Captain's fishing trip turns into rescue mission for stranded, missing boaters

A pair of stranded boaters are safe thanks to a sharp-eyed boat captain from Citrus County. He spotted them on the shore of an island about 40 miles north of where the vessel went missing.

Captain Billy Henderson hit the water Wednesday morning for a fishing trip north of Chassahowitzka Bay, but his biggest catch of the day wouldn't involve a line or a net.

"Me and a couple buddies were just out trout fishing, running around, kind of scouting," Henderson said. "Decided to run up a set of islands that we'd never typically run and saw a person flagging us down." 

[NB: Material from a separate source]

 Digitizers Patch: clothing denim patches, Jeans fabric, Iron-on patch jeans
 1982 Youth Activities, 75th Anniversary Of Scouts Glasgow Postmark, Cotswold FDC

It was a woman who, he recalled, could barely stand up.

"Turns out, she had been lying there for like three hours just waiting for somebody to come by," Henderson said.

While she waited along the shoreline, her traveling companion was back at their 30-foot barge, which ran out of gas in a shallow, marshy spot of water – harder to spot from the open water. 

The U.S. Coast Guard, the Florida Fish and Wildlife Conservation Commission (FWC), Pasco County Sheriff's Office, and a local Army aircrew all responded when the call for help was made. 

Meanwhile, Henderson's Micro Draft skiff, which is made for shallow depths, was able to reach the man on the barge.

"He was jumping for joy then," Henderson said. "But he was in really bad shape. His hands were all cut up from the oysters because, I guess, for two days they've been wandering around out there in the marsh trying to find help."

Henderson later learned that the USCG and other agencies had been looking for the man, who was reported missing from Hudson. 

With this week's fog, they weren't easy to spot.

RELATED: Fog interferes with Sarasota traffic cams, leaving drivers stuck or forced to run lights

"He said he was delivering some posts to a job on the water and went to go back to the river – whatever river he came out of down there in Hudson – and he couldn't see it," Henderson recalled. "So he just started swinging and swinging and swinging until they eventually ran out of fuel, and then was carried by the wind up this way, where they ended up."

Henderson and his friends took care of the pair until FWC took them to safety.

"They drank two Gatorades and two waters each, and then the girl asked for something to eat. We had some deer sausages that we made, on the boat," Henderson said.

Captain Henderson can't help but wonder: What if he'd chosen a different route?

"Just total luck," he said.

Instead, it was a fishing trip turned rescue mission.

"It's a lonely place out there on the ocean and the wind's blowing the wrong way and you've got no way to stop yourself," Henderson added. "It ain't a bad trip to Mexico from here with that east wind blowing. For some reason, we happened to be there in that spot."